Voir le théâtre rempli de ces centaines d’enfants dans leurs plus jolis costumes a quelque chose d’étonnant, mais c’est aussi la tradition germanique que les premiers opéras qu’on fait découvrir aux enfants sont
Die Zauberflöte, proposée à Munich dans la légendaire production de August Everding qu’il faut au moins voir une fois et Hänsel und Gretel, dont la seule question à mon avis irrésolue est de savoir si c’est vraiment un « conte pour enfants ».
Cette année, Munich propose la création d’un auteur jamais joué encore, Nikolai Rimski-Korsakov, la
Nuit de Noël dans la mise en scène de Barrie Kosky, qui ne désemplit pas, et entre autres cette reprise de répertoire qui affiche exceptionnellement au pupitre le GMD Vladimir Jurowski lui-même, qui fut, en outre, le créateur de la production originale de Richard Jones à Cardiff. Que de motifs pour vivre pleinement quelques soirées munichoises.

Rachael Wilson (Hänsel), Nikola Hillebrand (Gretel)

 

Une production pas forcément pour les enfants

La question de savoir si Haensel und Gretel est un conte pour enfants me rappelle la production déjà fort lointaine (1993) d’un jeune Romeo Castellucci et de sa Societas Raffaello Sanzio, dans une boite noire où entrait le public, et dont les enfants sortaient hurlant et pleurant. Une video youtube en italien donne une petite idée de conte un peu effrayant du temps où Castellucci suait le génie de tous ses pores.

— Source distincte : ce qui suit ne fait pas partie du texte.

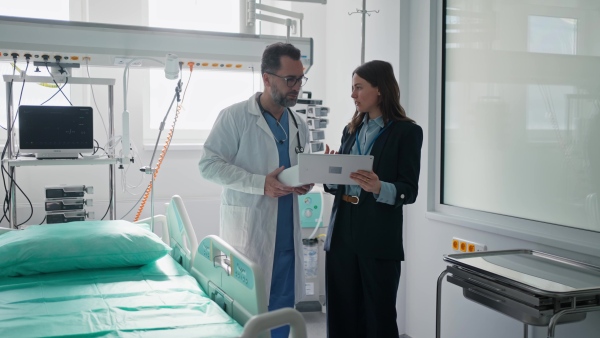 Pharmaceutical sales respresentative with doctor, hospital setting.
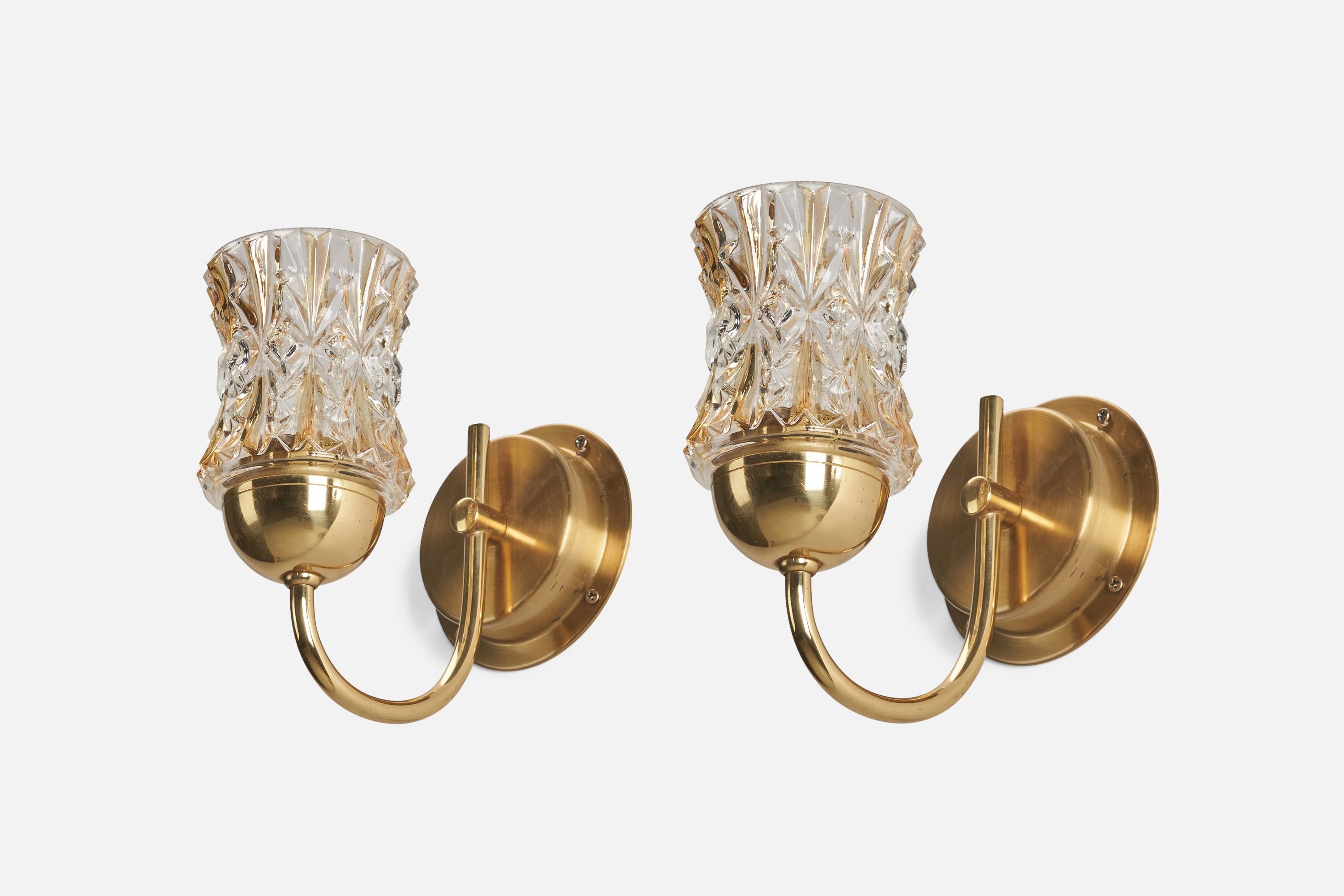 A pair of brass and glass wall lights designed and produced by Ewå Värnamo, Sweden, 1960s.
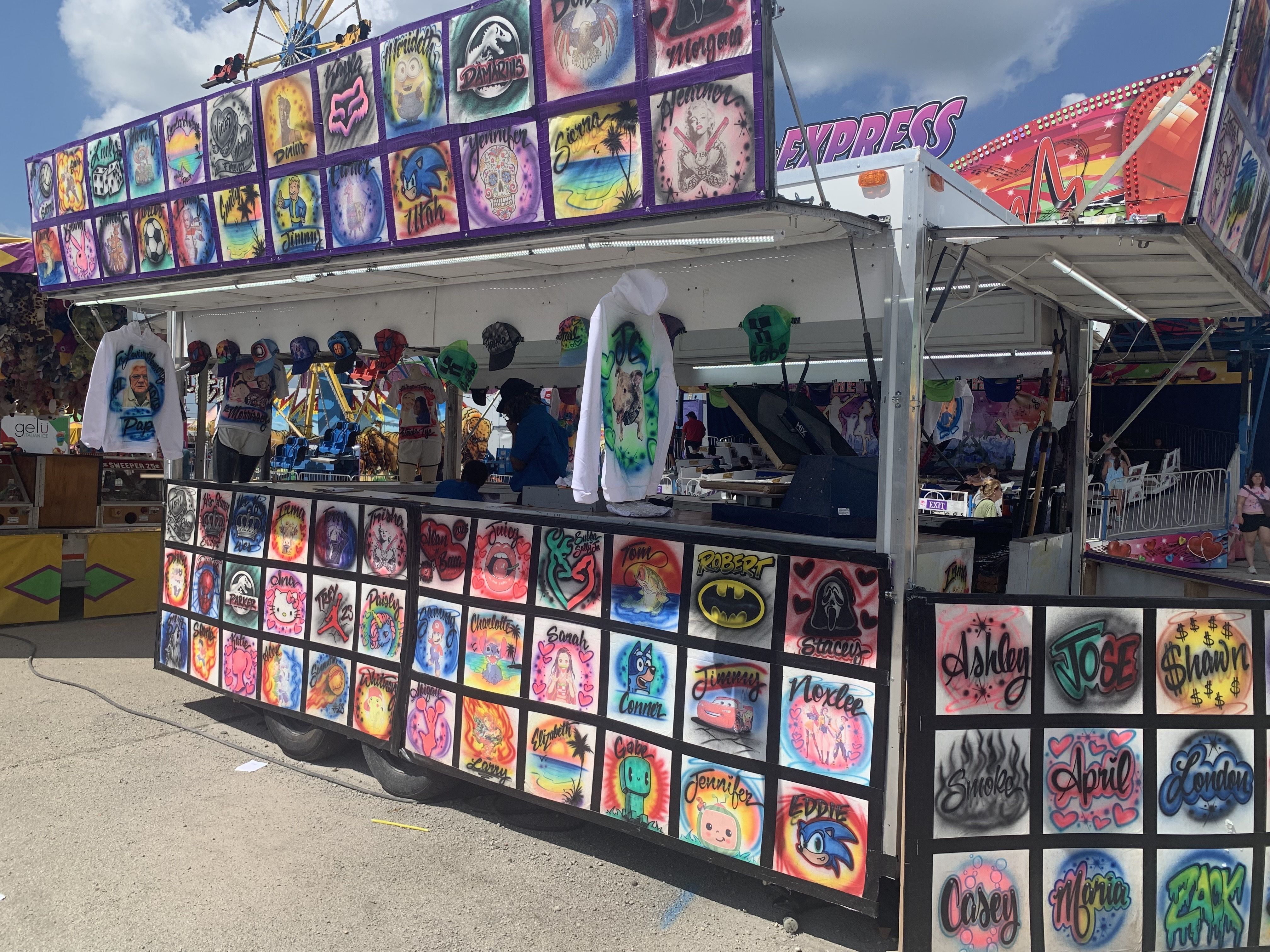 Colorful carnival booth with a wall of square panels featuring cartoon portraits and names, purple framing, bright EXPRESS sign on the right, hats and merchandise visible, people browsing, blue sky overhead.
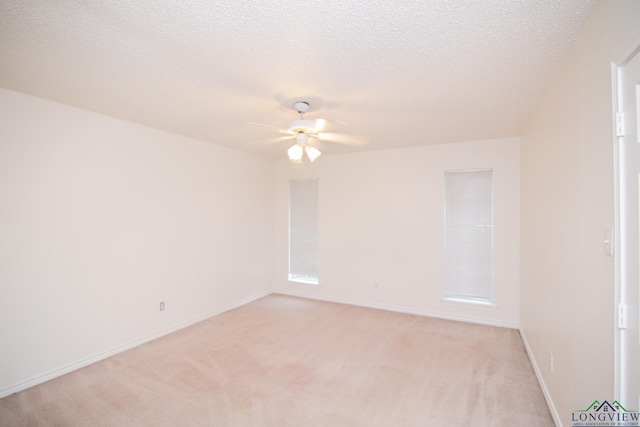 carpeted spare room with ceiling fan and a textured ceiling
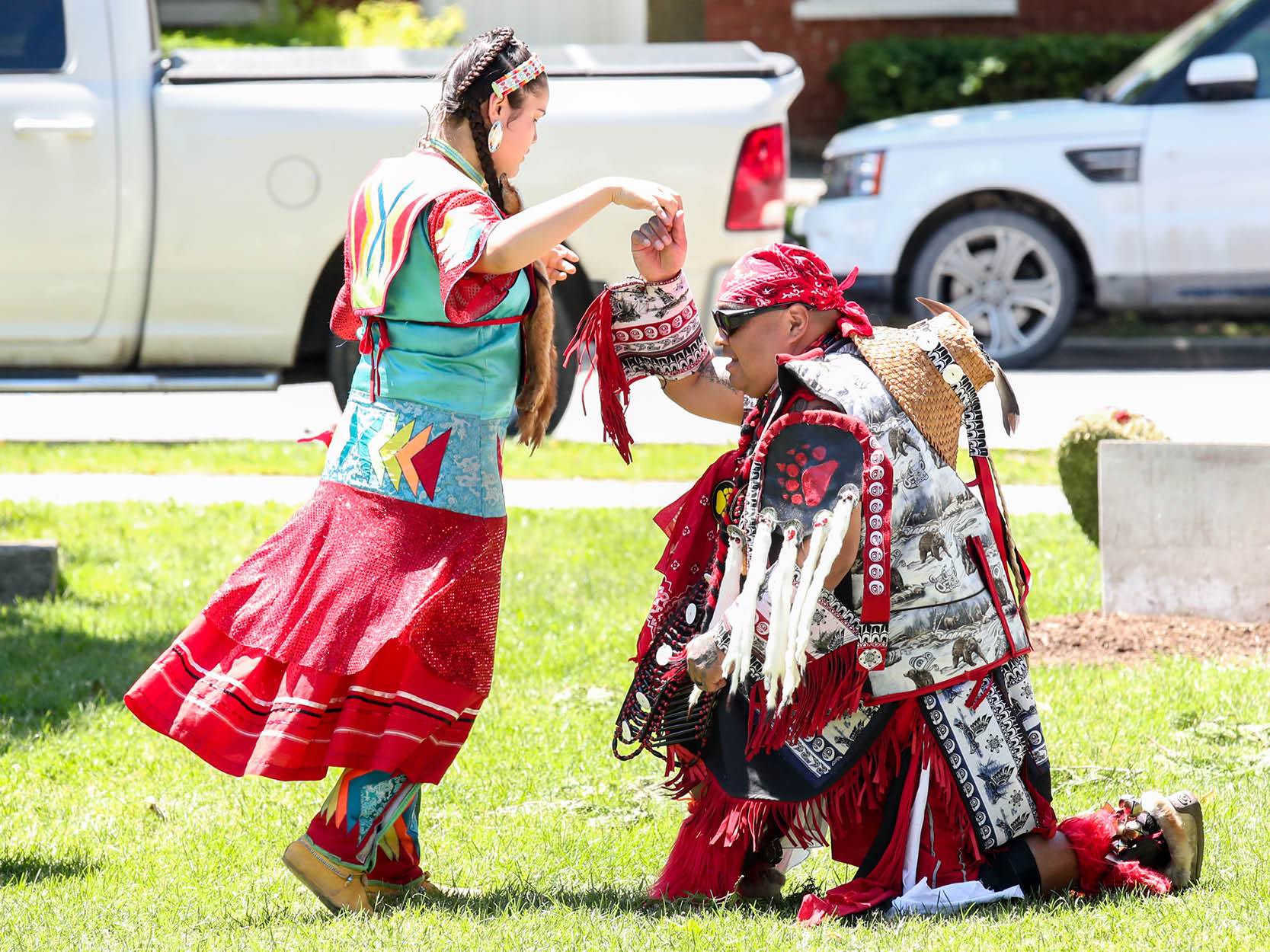 Two indigenous people dancing
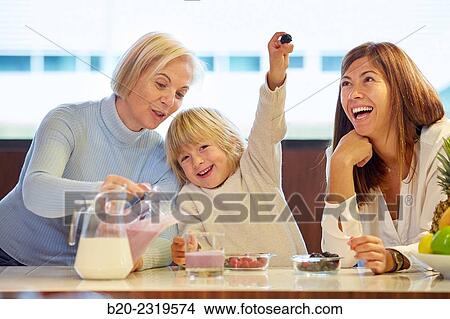 Picture - Family in the kitchen. Three generations. Healthy eating. Healthy growth. Making milkshakes with berries.. Fotosearch
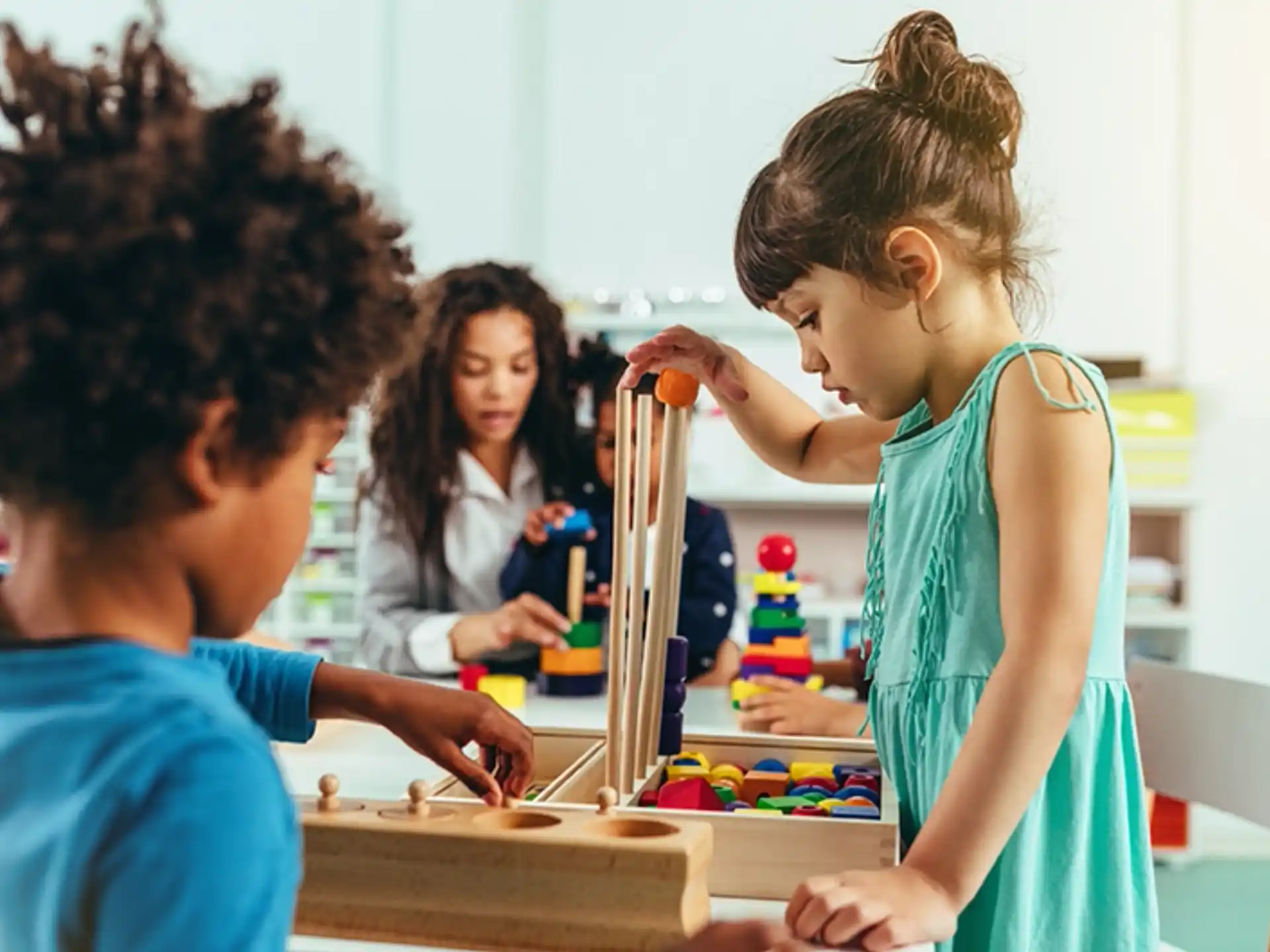 a group of children playing with toys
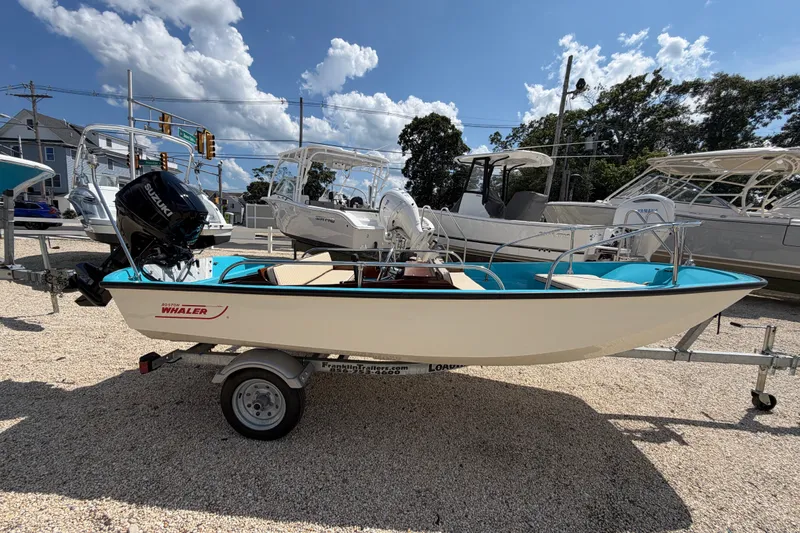 The Image of 1969 Boston Whaler 13 Super Sport boat on trailer, displayed outdoors under a sunny sky. - 1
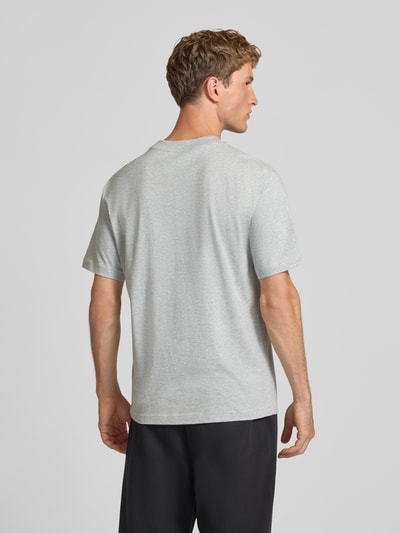 Männermodel trägt grau-meliertes T-Shirt mit Label-Stitching Modell 'ESSENTIALS' von New Balance, gerader Schnitt, Rückenansicht, Ganzkörperansicht Rückansicht.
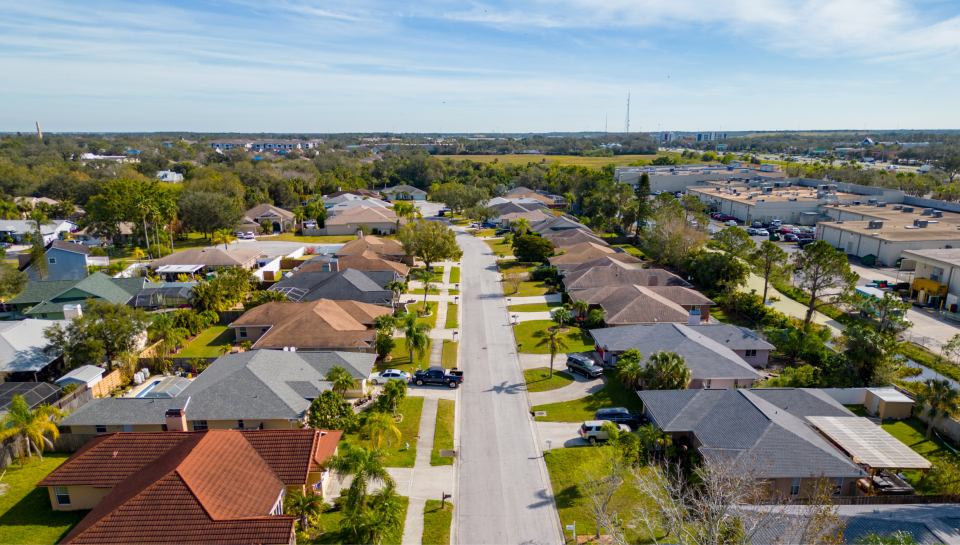 Suburban residential street in Toowoomba, Queensland, with homes and lush greenery.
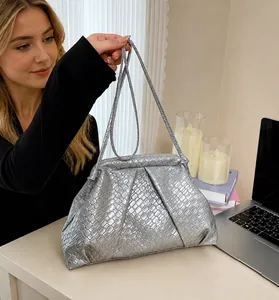 Detailed view of silver woven cloud bag with leather texture and matching shoulder strap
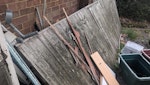 Junk from inside and outside A tyre, an old ac unit, tins, 2 CRT televisions. A lot of wood, some metal items, old chest of drawers TW14 - removed for £100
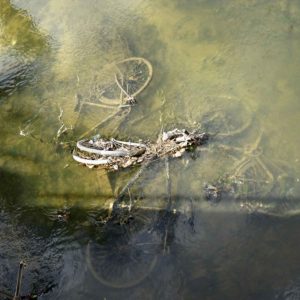 Brief return: Bicycles in the stream at Leuven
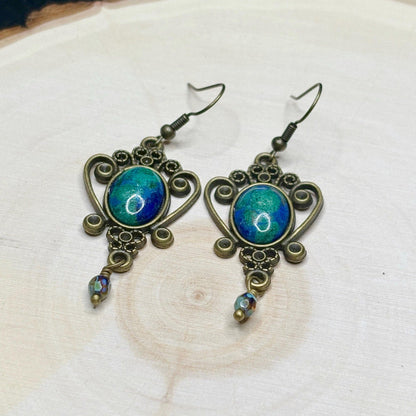 Ornate earrings with blue and green gemstones on a wooden surface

J’ai vu la production de Castellucci, inoubliable pierre miliaire d’un parcours théâtral hors norme, mais il se trouve que j’ai déjà vu aussi la production de Richard Jones au MET, un matin de décembre 2015, dirigée par le regretté Andrew Davis.  On peut en lire dans le Blog de Guy Cherqui le compte rendu.

Juliane Banse (Gertrud)

L’intérêt de la production de Richard Jones est qu’elle évacue les horizons d’attente du public : pas de forêt profonde, pas de maison en pain d’épices, mais trois espaces clos qui forment trois tableaux aux ambiances radicalement différentes : la pauvre cuisine des parents (Gertrude et Peter qui vivent chichement, mais dignement),

Deuxième tableau : Rachael Wilson (Hänsel), Nikola Hillebrand (Gretel)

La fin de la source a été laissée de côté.